McGown is a Delaware resident.[5] S&B is a professional limited liability company with its principal office in Colorado.[6] ADP is a payroll processor with its principal office in New Jersey.[7] S&B performed collection work for Capital One Bank (USA) N.A. (“Capital One”) and obtained a judgment for Capital One against Oscar P. Flores (“Flores”) on May 17, 2007.[8] S&B subsequently obtained a writ of garnishment against Flores which listed Flores by name as well as a social security number which turned out to be McGown’s social security number.[9] The writ was then served upon Wal-mart who forwarded the writ to its payroll processor, ADP.[10] ADP matched the social security number on the writ to McGown’s social security number and processed the garnishment, resulting in a $232.84 deduction from McGown’s paycheck.[11]

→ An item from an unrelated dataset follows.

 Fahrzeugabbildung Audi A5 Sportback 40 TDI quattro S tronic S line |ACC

C. Legal Standard - Motion to Dismiss Under Rule 12(b)(6)

In considering a motion to dismiss under Fed.R.Civ.P. 12(b)(6), a court must also consider Rule 8(a)(2). Rule 8(a)(2) requires “a short and plain statement of the claim showing that the pleader is entitled to relief.”[12] As such, a plaintiff must plead sufficient facts to render the claim facially plausible.[13] The court is required to consider all material allegations of the complaint as true when evaluating a motion to dismiss under Rule 12(b)(6).[14] “The issue is not whether a plaintiff will ultimately prevail, but whether the claimant is entitled to offer evidence to support the claims.”[15] A motion to dismiss may be granted only if, after, “accepting all well-pleaded allegations in the complaint as true, and viewing them in the light most favorable to the plaintiff, plaintiff is not entitled to relief.”[16]

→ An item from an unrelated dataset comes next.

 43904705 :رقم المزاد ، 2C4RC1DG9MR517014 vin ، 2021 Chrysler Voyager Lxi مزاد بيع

“Courts generally consider only the allegations contained in the complaint, exhibits attached to the complaint and matters of public record” when reviewing a motion to dismiss.[17] In the event matters outside of the pleadings are considered, the court is required to consider the motion as a Rule 56 motion for summary judgment.[18]However, a court may consider “matters incorporated by reference integral to the claim, items subject to judicial notice, matters of public record, and orders and items appearing in the record of the case” without converting the motion to dismiss to a motion for summary judgment.[19] A plaintiff is entitled to notice and a fair opportunity to respond to evidence considered by the court, but where such notice was available, it is proper for the court to consider that evidence.[20]

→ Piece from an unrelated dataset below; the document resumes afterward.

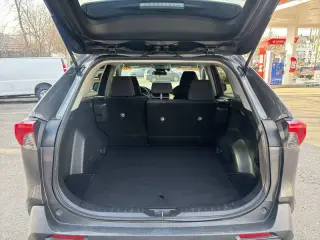 2020 Toyota RAV4 Hybrid LE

D. Positions of the Parties

McGown alleges S&B violated the FDCPA under both §§ 1692e and 1692f.[21]McGown also alleges S&B violated Colorado common law via abuse of process and conversion.[22] Specifically, McGown contends S&B’s garnishment of her wages to satisfy the debt of another constitutes “false, deceptive, misleading representations or means in connection with the collection of any debt, ”[23] and likewise constitutes “unfair or unconscionable means to collect or attempt to collect any debt.”[24] McGown claims she does not know Flores and has no connection to any individual matching his name.[25]

In its motion to dismiss, S&B contends: (1) McGown has not sufficiently alleged Flores’ “debt” is covered by the FDCPA or that S&B is a “debt collector” for purposes of the FDCPA;[26] (2) McGown lacks standing under the FDCPA;[27] (3) McGown’s FDCPA claims fail as a matter of law;[28] and (4) the court should decline to exercise supplemental jurisdiction over McGown’s state law claims.[29]